Cannabis Before Surgery Linked to More Pain in Older Adults | Evidence Watch

Cannabis Before Surgery Linked to More Pain in Older Adults | Evidence Watch



By Dr. Benjamin Caplan, MD  |  Board-Certified Family Physician, CMO at CED Clinic  |  Evidence Watch

Clinical Insight | CED Clinic

A 2024 propensity-matched study of older surgical patients found that those who used cannabis before surgery reported modestly higher pain scores and received slightly more opioids in the first 24 hours after surgery. The differences were statistically significant but small, and the observational design cannot establish that cannabis caused these outcomes.

Older Adults Who Use Cannabis Before Surgery Report More Pain and Receive More Opioids in the First 24 Hours

A propensity-matched EHR study from a single academic center finds modest but statistically significant associations between preoperative cannabis use and higher postoperative pain scores and opioid consumption in adults over 65, though the effect sizes fall below most clinical significance thresholds and causation cannot be established from this observational design.

CED Clinical Relevance
#72
High Relevance
First study to examine cannabis-postoperative pain associations specifically in older adults using validated NLP exposure ascertainment, addressing a rapidly growing clinical population.
Cannabis
Postoperative Pain
Geriatric Surgery
Opioid Use
EHR Research
Why This Matters

Cannabis use among Americans over 65 has risen dramatically in the past decade, and many of these older adults will undergo major surgery. Yet until now, essentially no published research has examined what preoperative cannabis use means for postoperative pain management specifically in this age group.
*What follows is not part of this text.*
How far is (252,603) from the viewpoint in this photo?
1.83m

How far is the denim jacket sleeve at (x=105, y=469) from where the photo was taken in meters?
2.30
Older surgical patients are disproportionately vulnerable to both inadequately treated pain and opioid-related adverse events, making this intersection of cannabis use, aging, and perioperative care an urgent gap in the clinical evidence base that demands systematic investigation.

Study at a Glance
Study Type Propensity score-matched retrospective cohort study
Population Adults aged 65 years or older undergoing major inpatient surgery with at least a 24-hour hospital stay (median age 69; 87.7% non-Hispanic white)
Intervention / Focus Preoperative cannabis use within 60 days of surgery, ascertained via NLP of clinical notes and structured EHR data
Comparator Non-cannabis users matched 1:3 by propensity score
Primary Outcomes Average DVPRS pain score and total oral morphine equivalents (OME, mg) within 24 hours post-surgery
Sample Size 504 in the final matched sample (126 cannabis users, 378 non-users); from 22,476 in the parent cohort
Journal Regional Anesthesia and Pain Medicine
Year 2024
DOI / PMID 10.1136/rapm-2024-105633
Funding Source Not explicitly reported
Clinical Summary

Cannabis use among adults over 65 has risen sharply alongside the expansion of medical and recreational legalization, yet its perioperative implications in this population have remained almost entirely unexamined. This study addressed that gap by using a validated natural language processing algorithm to identify cannabis users from clinical notes in the electronic health record at the University of Florida Health, overcoming a well-known limitation of prior research that relied on ICD codes alone. The NLP system achieved 93% precision and 95% recall, capturing approximately 26 times more cannabis users than ICD codes would have identified. The investigators then applied propensity score matching on a broad set of clinical covariates to create balanced comparison groups of older surgical patients.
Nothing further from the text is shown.